TASK DESCRIPTION - Of the lines below, write out exactly those from the line with "KENWORTH T370 Body Parts, Misc." through the line with "1479 Santini, Manteca, CA 95336", both included, and skip the rest.

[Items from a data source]
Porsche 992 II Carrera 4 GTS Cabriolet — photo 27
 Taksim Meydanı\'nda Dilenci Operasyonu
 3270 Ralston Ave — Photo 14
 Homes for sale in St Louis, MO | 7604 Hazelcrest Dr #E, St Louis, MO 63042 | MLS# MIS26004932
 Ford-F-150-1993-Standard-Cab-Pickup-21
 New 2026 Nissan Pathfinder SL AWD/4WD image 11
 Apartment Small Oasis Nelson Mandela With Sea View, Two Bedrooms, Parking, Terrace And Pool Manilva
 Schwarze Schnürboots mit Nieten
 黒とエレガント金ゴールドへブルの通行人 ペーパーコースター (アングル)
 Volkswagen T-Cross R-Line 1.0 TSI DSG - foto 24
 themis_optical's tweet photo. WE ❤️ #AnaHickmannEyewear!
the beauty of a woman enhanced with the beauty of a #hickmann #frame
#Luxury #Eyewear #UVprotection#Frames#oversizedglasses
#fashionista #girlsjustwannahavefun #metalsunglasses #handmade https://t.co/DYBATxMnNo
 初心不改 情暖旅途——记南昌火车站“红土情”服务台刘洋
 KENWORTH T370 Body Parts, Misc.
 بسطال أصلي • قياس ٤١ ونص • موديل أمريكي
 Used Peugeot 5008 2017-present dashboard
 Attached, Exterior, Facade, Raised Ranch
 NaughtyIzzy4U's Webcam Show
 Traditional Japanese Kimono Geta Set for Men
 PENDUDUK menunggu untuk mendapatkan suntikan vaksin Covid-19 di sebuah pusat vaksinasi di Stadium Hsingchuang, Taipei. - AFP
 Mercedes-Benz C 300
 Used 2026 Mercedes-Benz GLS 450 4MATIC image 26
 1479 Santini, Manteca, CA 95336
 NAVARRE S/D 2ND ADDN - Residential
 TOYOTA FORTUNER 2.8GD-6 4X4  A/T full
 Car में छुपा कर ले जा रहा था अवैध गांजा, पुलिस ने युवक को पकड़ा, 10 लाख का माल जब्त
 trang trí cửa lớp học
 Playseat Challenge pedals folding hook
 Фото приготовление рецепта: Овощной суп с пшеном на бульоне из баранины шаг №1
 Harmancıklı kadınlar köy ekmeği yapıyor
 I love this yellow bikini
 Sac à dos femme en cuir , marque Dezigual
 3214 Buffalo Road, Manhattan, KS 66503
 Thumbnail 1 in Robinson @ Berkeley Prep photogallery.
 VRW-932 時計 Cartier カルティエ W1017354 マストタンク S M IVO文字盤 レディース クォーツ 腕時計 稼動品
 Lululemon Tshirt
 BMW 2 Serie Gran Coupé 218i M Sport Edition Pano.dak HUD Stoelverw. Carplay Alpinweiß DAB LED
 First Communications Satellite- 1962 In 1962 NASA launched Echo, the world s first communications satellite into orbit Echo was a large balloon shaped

RESPONSE -
 KENWORTH T370 Body Parts, Misc.
 بسطال أصلي • قياس ٤١ ونص • موديل أمريكي
 Used Peugeot 5008 2017-present dashboard
 Attached, Exterior, Facade, Raised Ranch
 NaughtyIzzy4U's Webcam Show
 Traditional Japanese Kimono Geta Set for Men
 PENDUDUK menunggu untuk mendapatkan suntikan vaksin Covid-19 di sebuah pusat vaksinasi di Stadium Hsingchuang, Taipei. - AFP
 Mercedes-Benz C 300
 Used 2026 Mercedes-Benz GLS 450 4MATIC image 26
 1479 Santini, Manteca, CA 95336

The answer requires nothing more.